I’ll do my best to answer the bonus question without getting Jack Donaghy calling downstairs for my head.

The Irish have posted back-to-back victories over teams that have
given us fits the past decade to pull back to .500, but when you head to
the message boards on ND Nation, Rivals, etc. all you see is
unrelenting negativity. Some cry Kelly’s in over his head and doomed to
fail, others bitch and moan about the run-to-pass ratio, and many more
say that even though we’ve won the last two there’s no improvement over
last year’s team. What’s your take on the negativity that’s swirling
around the program on the internet? What message would you like to
convey to ND Nation?

Cynicism and negative are hardly anything new for Notre Dame football, and definitely aren’t relegated to the websites mentioned above. (Just take a look at some of the comments around here.) I’m not old enough to remember the early days of Lou or much of anything before, but I’m guessing since Knute Rockne, the Irish fanbase has been filled with a small — but incredibly vocal — group of blowhard windbags.

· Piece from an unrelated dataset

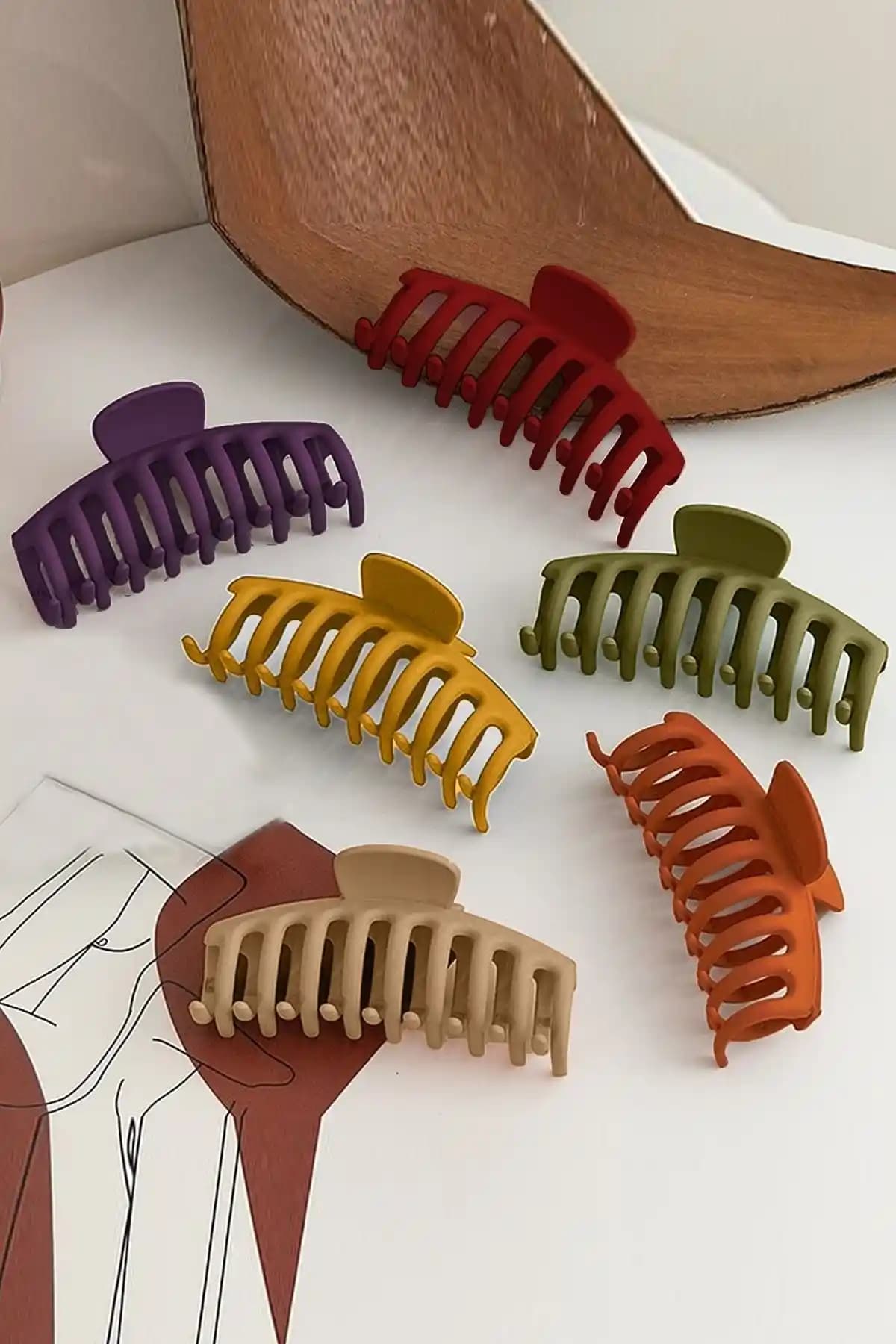 Kadınlar İçin Renkli ve Dayanıklı 6'lı Mandal Toka Seti | Günlük Şıklık ve Pratiklik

Here’s a few comments that I feel work for just about every one of “those guys.”

1) College football coaches know more about football than you do… I promise.
2) The techniques you learned back when you played are most likely wrong… I promise.
3) This isn’t the Rockne or Leahy era. It’s a lot harder to win football games now.
4) Installing a new offensive system with an unproven quarterback, three new offensive linemen and without your All-American wide receiver brings some growing pains.
5) For those worried about the run/pass ratio: If you look at the stats — the Irish run more on non-scoring drives than on scoring drives.

All that being said, I don’t blame Irish fans for taking a wait and see approach. We’ve been burned badly by the last two coaches, and there are far too many intelligent people to fall head-over-heels in love again.

When Western Michigan and Tulsa were announced as 2010 opponents last
fall there was a full-throttle meltdown among ND fans that was surpassed
only by The F-Word Incident
in April in terms of sheer outrage. Well, if the opinions expressed
then are the same now the apocalypse has finally arrived and a MAC squad
is about to forever sully our field by stepping foot on it. Have your
thoughts on the Western Michigan/Tulsa games changed since they were
announced? Would you rather ND Stadium sell out and continue the streak
that extends back almost 40 years or see the streak broken so that the
powers-that-be know just how disrespected you feel by the audacity they
showed in scheduling such inferior opponents?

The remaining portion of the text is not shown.